I think that decision has to be personal – actually, your whole application should be personal and mirror your personality and interests. I answered those questions in a non creative way though, because I felt like I should explain the situations with a certain distance. But I would recommend you to do whatever you feel more comfortable with!


----------



## Saay01 (Nov 4, 2019)

storyteller said:


> I think that decision has to be personal – actually, your whole application should be personal and mirror your personality and interests. I answered those questions in a non creative way though, because I felt like I should explain the situations with a certain distance. But I would recommend you to do whatever you feel more comfortable with!

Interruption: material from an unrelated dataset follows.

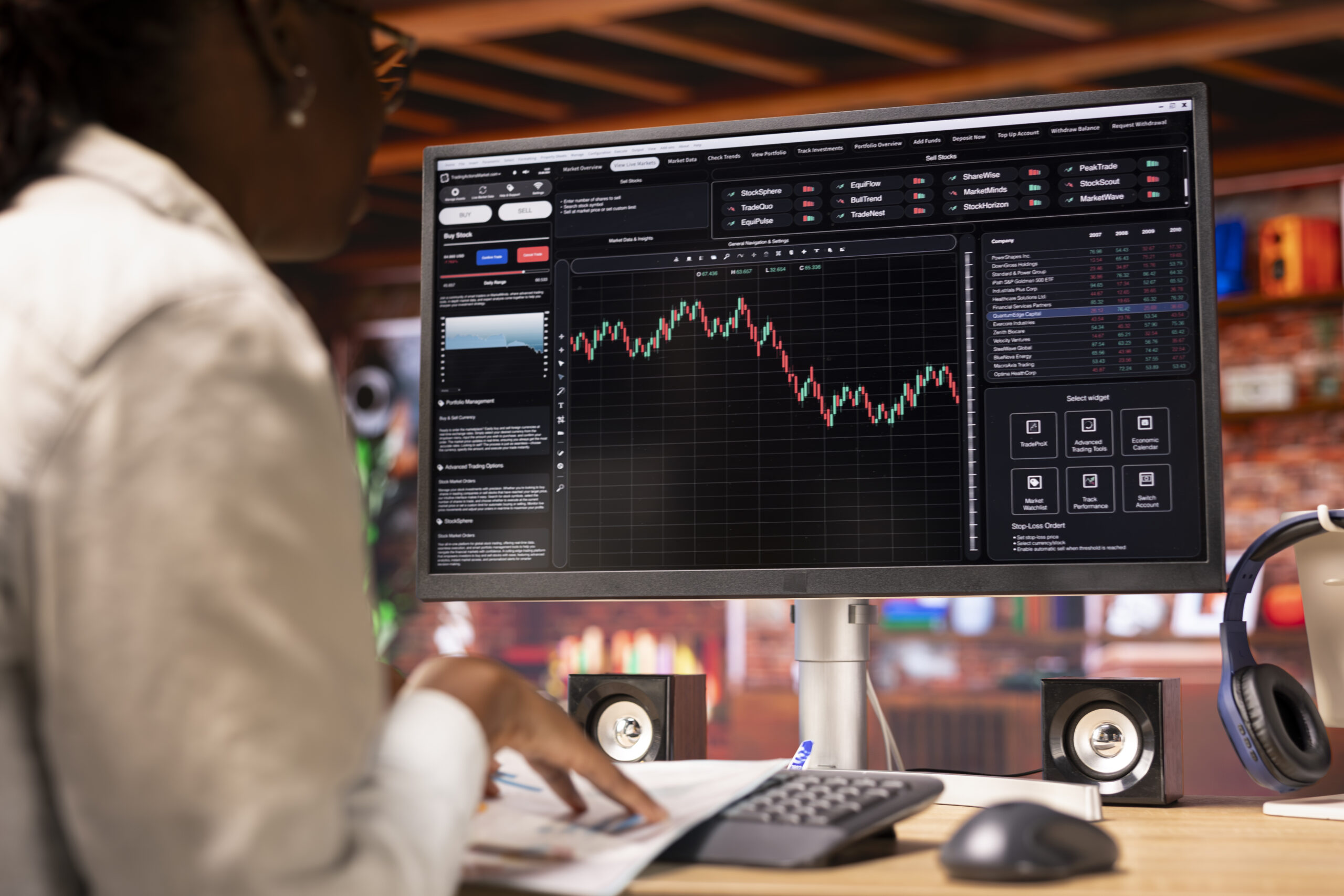 Day trader in home office purchasing stocks performing well on PC screen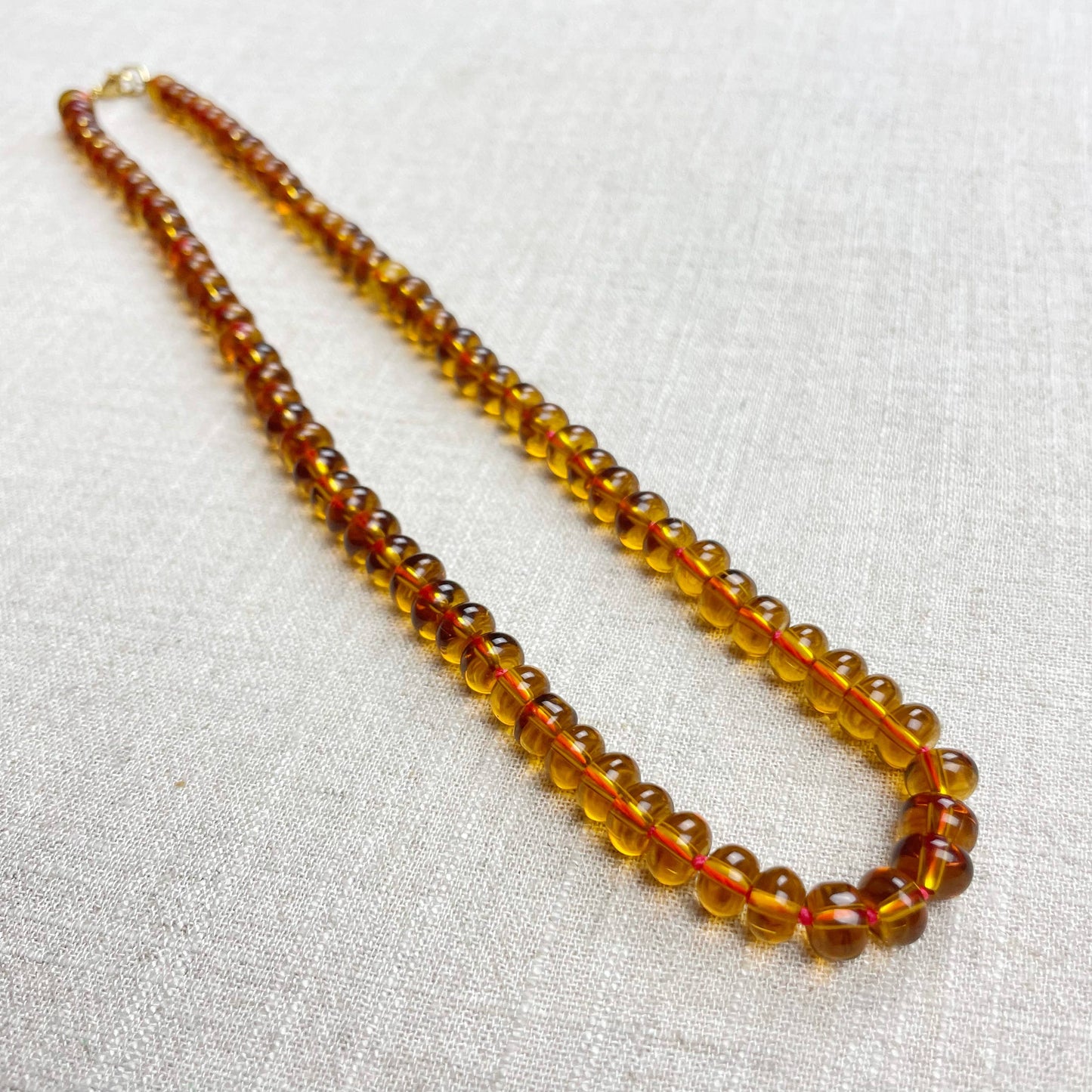 Carmel Brown Glass Hand-knotted Beaded Necklace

Hey! Thank you so much. I think I'll stick with an informal approach since my style of writing is mostly that. I was also wondering if it's a good idea to write about a solo project. They have encouraged us to write about our collaborative experience, but I think a solo project that I failed in is a much better example of who I am and my personality since I'm writing about how being a perfectionist actually didn't work out.


----------



## storyteller (Nov 4, 2019)

Saay01 said:


> Hey! Thank you so much. I think I'll stick with an informal approach since my style of writing is mostly that. I was also wondering if it's a good idea to write about a solo project. They have encouraged us to write about our collaborative experience, but I think a solo project that I failed in is a much better example of who I am and my personality since I'm writing about how being a perfectionist actually didn't work out.


I wouldn’t do that. The point of the essay is knowing if you can work collaboratively because that is one of the characteristics they value the most. When you get to film school, you’re going to be working in teams all the way; and they are looking forward to know if you’re going to be able to handle it.


----------



## storyteller (Nov 4, 2019)

My essay was about a group project in which I worked practically alone. My point is exactly that without help things end up failing – and I had the opportunity to delegate to my friends who were in it with me and chose not to. If you can show them that this solo project failed because it was a solo project, then I think you're good.


----------



## Saay01 (Nov 4, 2019)

I see your point, I think I need to rework on the 'failed project' essay since it doesn't talk about a collaborative experience. 
Thanks again!  Really appreciate you taking the time to clarify my doubts.


----------



## storyteller (Nov 4, 2019)

No problem! If you need help with something else feel free to send me a message!


----------



## kennethuzumaki (Sep 15, 2020)

Quick question! Is there anything stopping us from using film related examples of collaboration? I'm writing mine right now and I feel like I remember it saying somewhere that we were encouraged to write about non-film related collaborative situations.


----------